Mayank Bidawatka, co-founder of the shuttered Indian social network Koo, is betting on a different kind of social sharing with PicSee, a new app that automatically detects photos of your friends in your camera roll and prompts you to send them. The app launched Thursday on both iOS and Android, promising to solve the problem of forgotten photo sharing through AI-powered face recognition that works entirely on-device.
The photo-sharing space is getting crowded, but Mayank Bidawatka thinks he's found a gap worth filling. The co-founder of Koo, India's short-lived Twitter alternative that shut down in July 2024, launched PicSee on Thursday with a simple premise - your friends have hundreds of photos of you that you'll never see.
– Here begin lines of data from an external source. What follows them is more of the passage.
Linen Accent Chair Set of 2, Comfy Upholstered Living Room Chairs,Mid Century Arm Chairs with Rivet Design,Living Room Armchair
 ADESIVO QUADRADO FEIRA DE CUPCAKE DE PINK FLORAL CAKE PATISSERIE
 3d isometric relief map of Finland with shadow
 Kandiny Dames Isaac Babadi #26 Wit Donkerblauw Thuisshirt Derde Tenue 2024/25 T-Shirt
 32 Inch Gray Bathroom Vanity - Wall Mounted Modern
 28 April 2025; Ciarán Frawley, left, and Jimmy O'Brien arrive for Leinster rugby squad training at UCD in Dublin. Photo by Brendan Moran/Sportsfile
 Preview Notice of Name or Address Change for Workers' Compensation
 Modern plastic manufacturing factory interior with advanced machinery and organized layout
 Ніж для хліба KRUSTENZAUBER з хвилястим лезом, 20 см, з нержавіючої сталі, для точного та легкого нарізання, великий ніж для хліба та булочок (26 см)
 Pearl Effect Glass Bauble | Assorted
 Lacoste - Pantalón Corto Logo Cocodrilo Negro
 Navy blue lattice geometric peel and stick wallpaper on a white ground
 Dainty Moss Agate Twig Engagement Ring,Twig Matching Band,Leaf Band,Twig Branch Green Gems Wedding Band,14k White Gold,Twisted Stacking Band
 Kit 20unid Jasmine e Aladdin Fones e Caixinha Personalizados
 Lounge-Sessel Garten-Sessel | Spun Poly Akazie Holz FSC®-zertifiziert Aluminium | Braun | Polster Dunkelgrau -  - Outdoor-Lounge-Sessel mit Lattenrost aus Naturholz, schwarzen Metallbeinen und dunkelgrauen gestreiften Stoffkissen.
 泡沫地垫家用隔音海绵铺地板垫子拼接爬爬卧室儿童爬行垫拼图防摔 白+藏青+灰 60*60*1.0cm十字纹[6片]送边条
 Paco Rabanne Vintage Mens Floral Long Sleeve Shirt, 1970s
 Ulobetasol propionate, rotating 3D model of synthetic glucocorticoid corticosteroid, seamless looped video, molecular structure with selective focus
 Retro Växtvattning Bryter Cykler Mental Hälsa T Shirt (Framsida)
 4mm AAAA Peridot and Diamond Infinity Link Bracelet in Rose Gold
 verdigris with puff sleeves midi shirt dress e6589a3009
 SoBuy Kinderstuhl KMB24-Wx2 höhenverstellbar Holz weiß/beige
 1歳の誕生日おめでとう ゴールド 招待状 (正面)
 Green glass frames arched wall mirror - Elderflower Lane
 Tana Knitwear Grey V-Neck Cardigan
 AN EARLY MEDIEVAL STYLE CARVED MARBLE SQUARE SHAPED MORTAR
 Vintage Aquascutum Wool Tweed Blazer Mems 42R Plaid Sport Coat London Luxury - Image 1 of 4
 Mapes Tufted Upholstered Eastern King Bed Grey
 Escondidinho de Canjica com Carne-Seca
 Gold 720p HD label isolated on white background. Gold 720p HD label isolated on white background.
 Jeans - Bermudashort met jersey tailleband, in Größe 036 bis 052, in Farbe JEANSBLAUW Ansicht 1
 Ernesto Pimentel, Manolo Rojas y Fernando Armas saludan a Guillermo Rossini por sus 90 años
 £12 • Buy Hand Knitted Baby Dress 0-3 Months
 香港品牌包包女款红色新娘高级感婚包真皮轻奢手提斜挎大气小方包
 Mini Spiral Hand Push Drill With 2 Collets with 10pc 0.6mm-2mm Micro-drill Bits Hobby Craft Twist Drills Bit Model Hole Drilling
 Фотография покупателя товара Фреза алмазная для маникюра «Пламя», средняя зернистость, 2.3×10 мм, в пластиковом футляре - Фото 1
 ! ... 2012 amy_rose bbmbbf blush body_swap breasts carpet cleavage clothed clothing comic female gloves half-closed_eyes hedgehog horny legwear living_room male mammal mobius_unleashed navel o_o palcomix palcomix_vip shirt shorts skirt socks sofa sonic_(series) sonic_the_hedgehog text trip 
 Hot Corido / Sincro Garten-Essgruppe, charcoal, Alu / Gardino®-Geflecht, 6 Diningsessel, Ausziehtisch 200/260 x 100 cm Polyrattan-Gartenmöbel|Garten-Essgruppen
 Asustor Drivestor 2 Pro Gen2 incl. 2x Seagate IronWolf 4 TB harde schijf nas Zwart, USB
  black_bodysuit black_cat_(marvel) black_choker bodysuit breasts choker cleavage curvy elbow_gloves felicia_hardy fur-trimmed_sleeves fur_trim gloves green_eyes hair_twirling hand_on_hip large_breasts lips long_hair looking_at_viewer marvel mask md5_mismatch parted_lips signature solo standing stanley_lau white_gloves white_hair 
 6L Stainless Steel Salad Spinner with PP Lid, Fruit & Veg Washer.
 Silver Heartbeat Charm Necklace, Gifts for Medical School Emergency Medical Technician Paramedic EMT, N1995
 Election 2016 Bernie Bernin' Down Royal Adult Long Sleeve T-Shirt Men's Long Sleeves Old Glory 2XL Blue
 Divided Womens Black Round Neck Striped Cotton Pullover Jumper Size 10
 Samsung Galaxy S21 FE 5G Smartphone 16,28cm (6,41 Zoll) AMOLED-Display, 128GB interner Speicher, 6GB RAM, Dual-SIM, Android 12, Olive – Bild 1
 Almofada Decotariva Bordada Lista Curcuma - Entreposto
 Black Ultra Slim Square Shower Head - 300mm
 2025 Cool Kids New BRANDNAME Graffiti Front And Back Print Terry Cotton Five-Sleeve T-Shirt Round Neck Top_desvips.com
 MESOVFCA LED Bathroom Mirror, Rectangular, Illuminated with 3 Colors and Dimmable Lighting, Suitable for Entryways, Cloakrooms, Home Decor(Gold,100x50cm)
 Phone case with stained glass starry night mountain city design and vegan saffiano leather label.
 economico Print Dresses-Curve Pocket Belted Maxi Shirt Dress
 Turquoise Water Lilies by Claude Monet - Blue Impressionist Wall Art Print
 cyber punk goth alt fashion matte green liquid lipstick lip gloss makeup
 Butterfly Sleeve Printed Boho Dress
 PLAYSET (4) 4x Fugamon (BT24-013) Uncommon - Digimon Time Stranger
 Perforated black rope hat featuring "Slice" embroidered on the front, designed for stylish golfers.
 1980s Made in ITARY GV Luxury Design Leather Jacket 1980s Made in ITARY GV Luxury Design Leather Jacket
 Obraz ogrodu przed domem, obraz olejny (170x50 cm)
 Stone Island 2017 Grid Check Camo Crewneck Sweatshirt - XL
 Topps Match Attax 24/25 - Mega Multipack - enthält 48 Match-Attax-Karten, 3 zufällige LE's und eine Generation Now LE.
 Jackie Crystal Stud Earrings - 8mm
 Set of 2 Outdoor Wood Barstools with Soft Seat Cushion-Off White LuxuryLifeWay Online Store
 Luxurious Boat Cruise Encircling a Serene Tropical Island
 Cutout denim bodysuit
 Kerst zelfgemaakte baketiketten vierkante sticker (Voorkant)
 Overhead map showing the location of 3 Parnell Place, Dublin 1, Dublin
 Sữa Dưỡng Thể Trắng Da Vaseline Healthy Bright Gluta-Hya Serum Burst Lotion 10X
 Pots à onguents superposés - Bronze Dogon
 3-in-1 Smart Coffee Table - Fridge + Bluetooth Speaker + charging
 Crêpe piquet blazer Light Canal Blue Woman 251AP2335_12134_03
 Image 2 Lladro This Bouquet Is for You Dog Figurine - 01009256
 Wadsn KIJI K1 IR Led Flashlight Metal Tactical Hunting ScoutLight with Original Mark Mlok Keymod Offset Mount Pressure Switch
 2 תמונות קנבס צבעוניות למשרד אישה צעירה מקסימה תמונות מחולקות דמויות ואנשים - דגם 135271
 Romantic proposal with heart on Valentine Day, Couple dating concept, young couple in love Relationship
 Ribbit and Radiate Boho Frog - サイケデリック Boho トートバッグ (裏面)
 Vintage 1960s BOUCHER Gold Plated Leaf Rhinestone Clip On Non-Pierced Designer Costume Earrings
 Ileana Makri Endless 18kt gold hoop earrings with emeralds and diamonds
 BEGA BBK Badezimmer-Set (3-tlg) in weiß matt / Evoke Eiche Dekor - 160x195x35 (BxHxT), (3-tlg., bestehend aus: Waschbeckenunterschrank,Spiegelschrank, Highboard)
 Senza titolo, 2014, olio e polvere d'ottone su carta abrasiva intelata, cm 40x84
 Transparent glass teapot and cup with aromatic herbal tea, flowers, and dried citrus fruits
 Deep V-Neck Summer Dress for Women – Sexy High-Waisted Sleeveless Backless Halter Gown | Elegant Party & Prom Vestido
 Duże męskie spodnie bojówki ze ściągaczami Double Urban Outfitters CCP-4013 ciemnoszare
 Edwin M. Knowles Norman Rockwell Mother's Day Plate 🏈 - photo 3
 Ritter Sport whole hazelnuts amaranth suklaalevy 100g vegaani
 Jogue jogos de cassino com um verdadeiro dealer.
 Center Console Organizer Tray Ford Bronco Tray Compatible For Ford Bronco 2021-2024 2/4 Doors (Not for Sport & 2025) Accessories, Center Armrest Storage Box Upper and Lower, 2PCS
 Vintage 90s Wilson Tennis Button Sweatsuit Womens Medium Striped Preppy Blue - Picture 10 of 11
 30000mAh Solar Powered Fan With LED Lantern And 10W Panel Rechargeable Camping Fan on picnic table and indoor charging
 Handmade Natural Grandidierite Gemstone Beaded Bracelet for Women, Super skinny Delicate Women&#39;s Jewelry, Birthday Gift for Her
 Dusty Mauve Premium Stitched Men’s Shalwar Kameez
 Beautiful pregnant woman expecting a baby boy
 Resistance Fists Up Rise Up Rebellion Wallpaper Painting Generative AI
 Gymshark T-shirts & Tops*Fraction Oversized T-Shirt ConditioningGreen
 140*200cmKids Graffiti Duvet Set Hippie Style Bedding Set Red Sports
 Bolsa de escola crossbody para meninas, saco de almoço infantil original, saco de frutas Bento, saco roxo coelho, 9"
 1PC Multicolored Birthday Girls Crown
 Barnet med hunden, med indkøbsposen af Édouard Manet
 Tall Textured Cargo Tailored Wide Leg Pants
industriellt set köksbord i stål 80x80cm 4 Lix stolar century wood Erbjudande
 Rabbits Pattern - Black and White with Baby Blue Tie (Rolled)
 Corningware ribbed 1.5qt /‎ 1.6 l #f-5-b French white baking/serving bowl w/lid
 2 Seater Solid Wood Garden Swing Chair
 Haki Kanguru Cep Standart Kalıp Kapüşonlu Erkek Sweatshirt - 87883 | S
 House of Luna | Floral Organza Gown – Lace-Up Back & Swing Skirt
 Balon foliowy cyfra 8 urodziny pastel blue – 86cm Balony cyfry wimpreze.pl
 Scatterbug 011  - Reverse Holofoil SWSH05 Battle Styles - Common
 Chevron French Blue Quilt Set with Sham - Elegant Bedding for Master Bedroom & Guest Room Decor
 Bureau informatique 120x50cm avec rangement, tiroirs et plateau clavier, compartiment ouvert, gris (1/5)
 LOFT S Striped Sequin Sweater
The app tackles what Bidawatka calls "forgotten photo sharing" through AI-powered face detection that runs entirely on your device. When you connect with friends on PicSee, the app scans your camera roll and automatically identifies photos containing their faces. If you don't manually send these photos within 24 hours, PicSee does it for you.
"I've been thinking about the problem of personal photo sharing for years now," Bidawatka told TechCrunch in an interview. "Last year, after we announced shutdown of Koo, I had time to rethink this problem and work on it again."
The timing puts PicSee into a competitive landscape where apps like Locket have found success with lockscreen sharing, Retro has built a following around photo journaling, and Yope targets private group sharing. Each is capitalizing on user frustration with Instagram's increasingly curated feel.
PicSee's approach centers on privacy and automation. All face recognition processing happens on-device, photos are stored locally rather than in the cloud, and the app establishes encrypted connections when sharing. Users can review photos before they're automatically sent and even recall them after sharing, which removes the images from the recipient's device.
The company has also built in content moderation with NSFW filters and screenshot blocking, recognizing the sensitive nature of automatic photo sharing between friends and family members.